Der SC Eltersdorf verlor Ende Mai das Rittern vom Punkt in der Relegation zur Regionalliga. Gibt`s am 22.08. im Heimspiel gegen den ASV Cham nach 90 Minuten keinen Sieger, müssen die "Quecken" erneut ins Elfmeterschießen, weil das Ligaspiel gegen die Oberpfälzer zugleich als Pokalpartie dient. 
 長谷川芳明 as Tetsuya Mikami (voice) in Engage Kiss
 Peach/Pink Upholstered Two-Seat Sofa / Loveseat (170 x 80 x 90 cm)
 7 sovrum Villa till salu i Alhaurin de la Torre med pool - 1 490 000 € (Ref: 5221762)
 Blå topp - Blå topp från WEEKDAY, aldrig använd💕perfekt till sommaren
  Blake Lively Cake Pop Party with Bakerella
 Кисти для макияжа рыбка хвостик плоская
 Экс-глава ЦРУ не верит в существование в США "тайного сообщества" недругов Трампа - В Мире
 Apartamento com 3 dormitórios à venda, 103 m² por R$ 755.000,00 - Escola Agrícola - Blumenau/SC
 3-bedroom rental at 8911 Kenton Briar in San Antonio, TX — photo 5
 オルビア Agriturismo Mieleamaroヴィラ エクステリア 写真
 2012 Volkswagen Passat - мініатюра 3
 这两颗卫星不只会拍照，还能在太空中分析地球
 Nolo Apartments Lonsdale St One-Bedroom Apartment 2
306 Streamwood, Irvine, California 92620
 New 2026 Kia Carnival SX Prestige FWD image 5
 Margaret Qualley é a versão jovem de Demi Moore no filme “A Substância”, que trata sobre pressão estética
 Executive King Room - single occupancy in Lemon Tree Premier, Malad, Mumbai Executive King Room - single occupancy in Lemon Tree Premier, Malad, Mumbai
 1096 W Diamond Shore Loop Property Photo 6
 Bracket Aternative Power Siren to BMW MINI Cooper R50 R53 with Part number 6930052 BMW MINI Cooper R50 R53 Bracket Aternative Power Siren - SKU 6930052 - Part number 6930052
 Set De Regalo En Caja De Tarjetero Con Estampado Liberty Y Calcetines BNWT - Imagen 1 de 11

:: What you should do ::
Go through the listing above and return each line that includes the word "with".

:: Written response ::
  Blake Lively Cake Pop Party with Bakerella
 Bracket Aternative Power Siren to BMW MINI Cooper R50 R53 with Part number 6930052 BMW MINI Cooper R50 R53 Bracket Aternative Power Siren - SKU 6930052 - Part number 6930052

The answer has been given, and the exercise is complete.